— Material supplied —
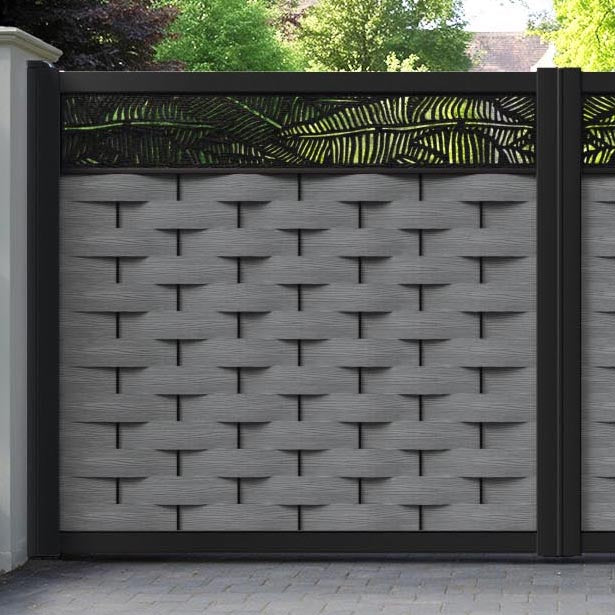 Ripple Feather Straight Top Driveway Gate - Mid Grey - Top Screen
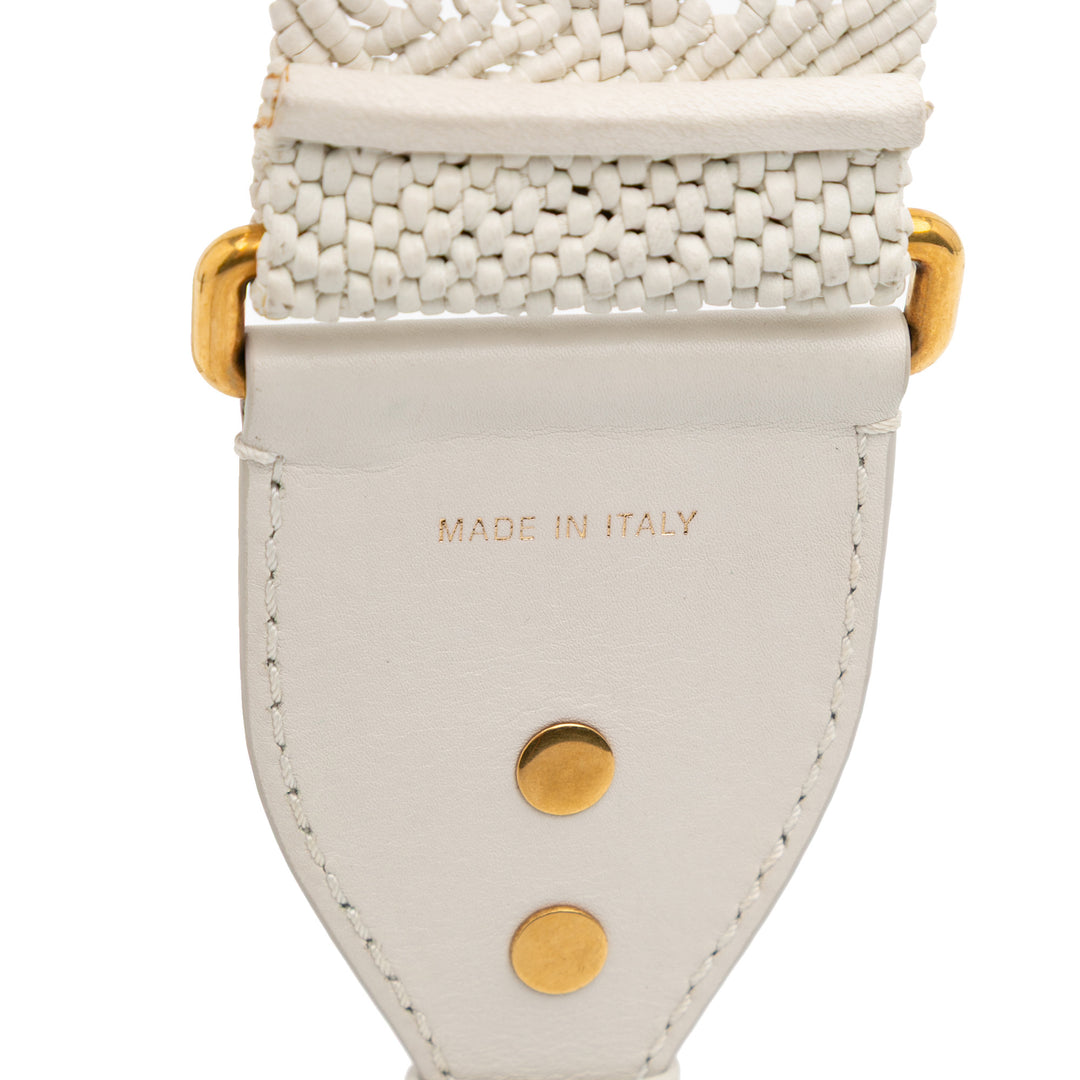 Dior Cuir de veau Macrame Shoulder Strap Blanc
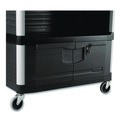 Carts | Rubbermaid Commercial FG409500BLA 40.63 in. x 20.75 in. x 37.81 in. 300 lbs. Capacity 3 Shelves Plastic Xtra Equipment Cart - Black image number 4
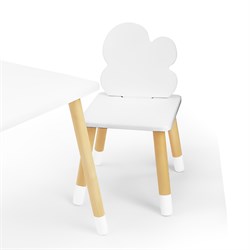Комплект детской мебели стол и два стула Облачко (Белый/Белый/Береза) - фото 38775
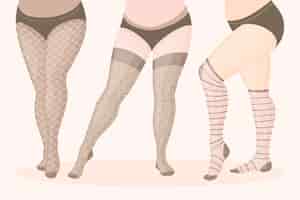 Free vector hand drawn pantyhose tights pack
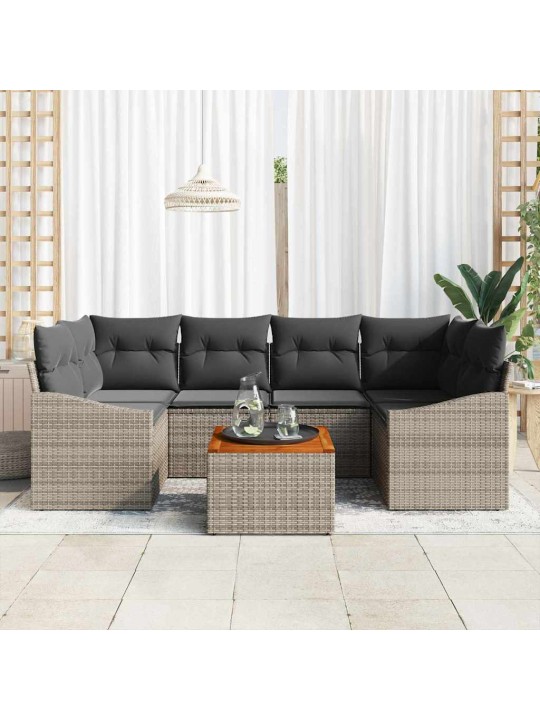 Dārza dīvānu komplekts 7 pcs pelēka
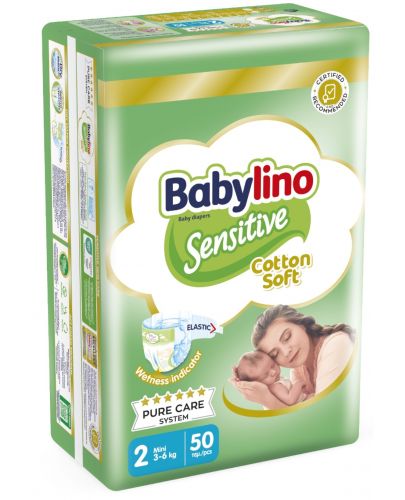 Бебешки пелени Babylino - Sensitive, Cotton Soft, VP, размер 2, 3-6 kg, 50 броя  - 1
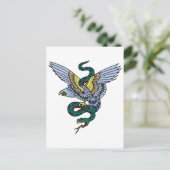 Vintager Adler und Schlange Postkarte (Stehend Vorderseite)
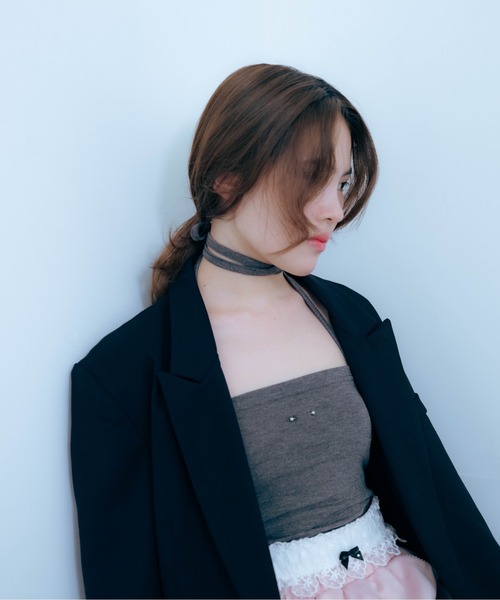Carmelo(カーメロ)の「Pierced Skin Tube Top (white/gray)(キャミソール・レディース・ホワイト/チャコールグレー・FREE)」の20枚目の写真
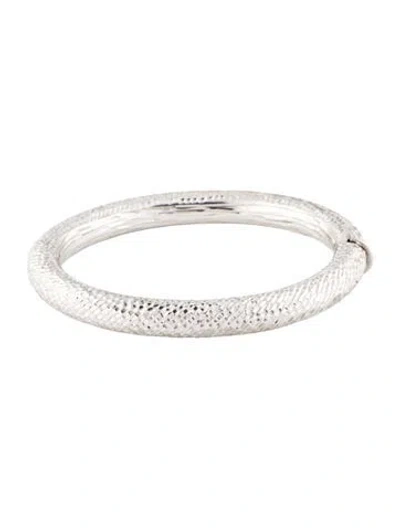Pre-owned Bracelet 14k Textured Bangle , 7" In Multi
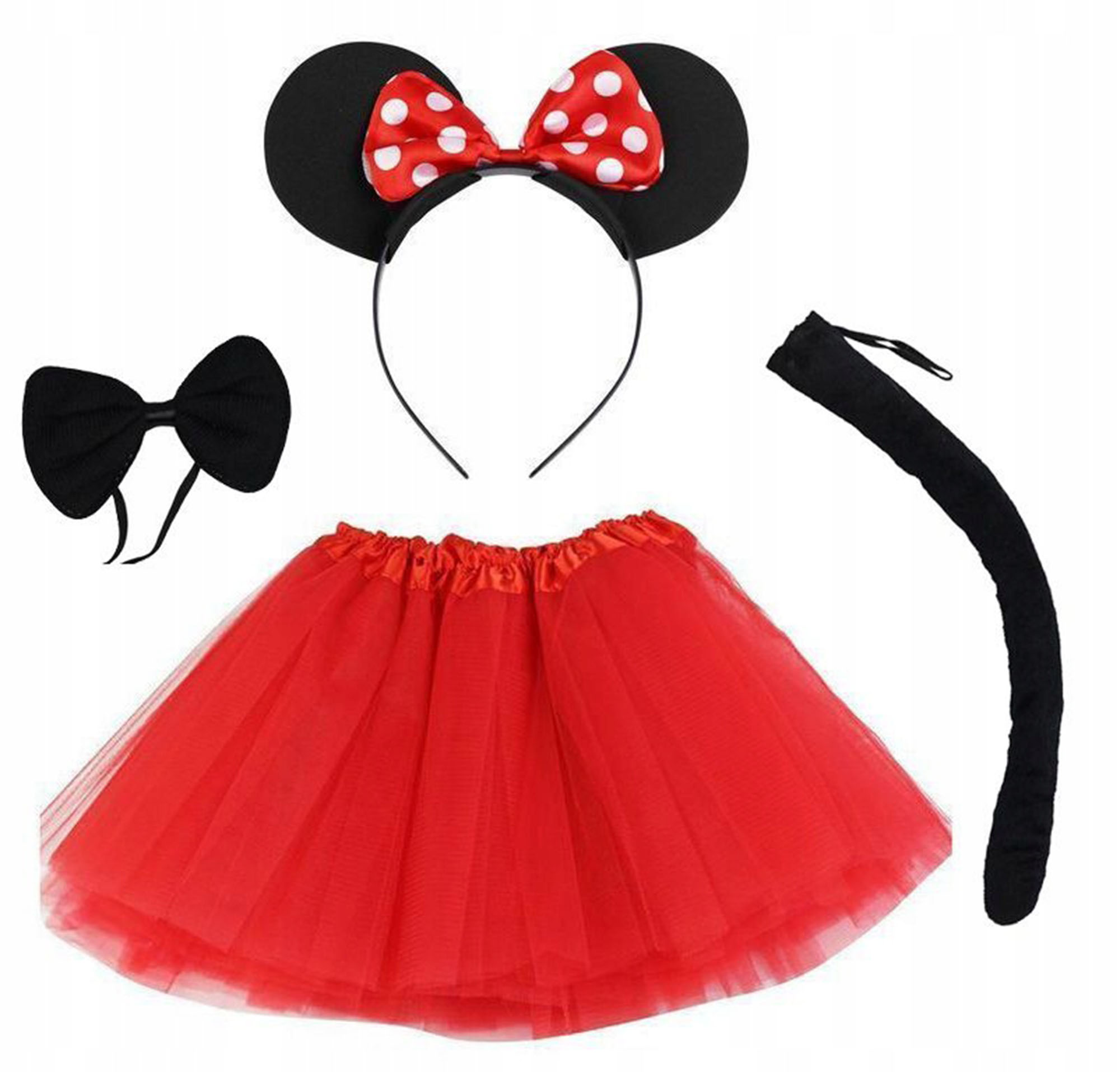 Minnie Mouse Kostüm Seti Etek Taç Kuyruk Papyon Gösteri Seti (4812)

— Instructions for the task —
Beginning with the line that contains "Dior Cuir de" and ending with the final line of the material, reproduce those lines exactly and nothing else. Omit the pictures.

— Your response —
 Dior Cuir de veau Macrame Shoulder Strap Blanc
 Carts | Rubbermaid Commercial FG409500BLA 40.63 in. x 20.75 in. x 37.81 in. 300 lbs. Capacity 3 Shelves Plastic Xtra Equipment Cart - Black image number 4
Комплект детской мебели стол и два стула Облачко (Белый/Белый/Береза) - фото 38775
 Free vector hand drawn pantyhose tights pack
 Dārza dīvānu komplekts 7 pcs pelēka
 Бебешки пелени Babylino - Sensitive, Cotton Soft, VP, размер 2, 3-6 kg, 50 броя  - 1
 Vintager Adler und Schlange Postkarte (Stehend Vorderseite)
Carmelo(カーメロ)の「Pierced Skin Tube Top (white/gray)(キャミソール・レディース・ホワイト/チャコールグレー・FREE)」の20枚目の写真
Pre-owned Bracelet 14k Textured Bangle , 7" In Multi
 Minnie Mouse Kostüm Seti Etek Taç Kuyruk Papyon Gösteri Seti (4812)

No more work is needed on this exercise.